- Assignment
Could you set down exactly the lines of the data below, starting at the one that holds "Gallo Matto - Roma - 1" and ending at the one that holds "Enlarge Woolaby, an", both included, and only those?

- Supplied information
>>>
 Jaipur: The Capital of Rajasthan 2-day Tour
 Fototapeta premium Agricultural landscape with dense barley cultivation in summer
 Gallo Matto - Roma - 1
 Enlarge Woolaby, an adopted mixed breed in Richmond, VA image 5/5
<<<
>>>
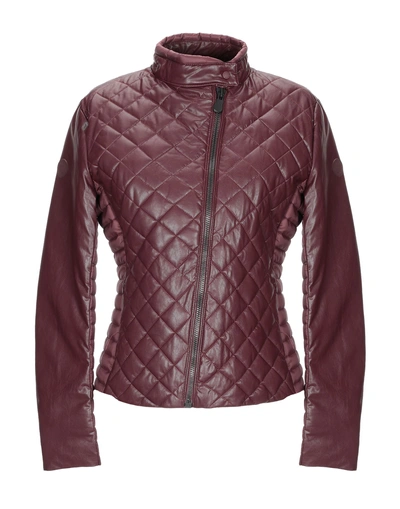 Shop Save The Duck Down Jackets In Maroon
<<<
- Task response
 Gallo Matto - Roma - 1
 Enlarge Woolaby, an adopted mixed breed in Richmond, VA image 5/5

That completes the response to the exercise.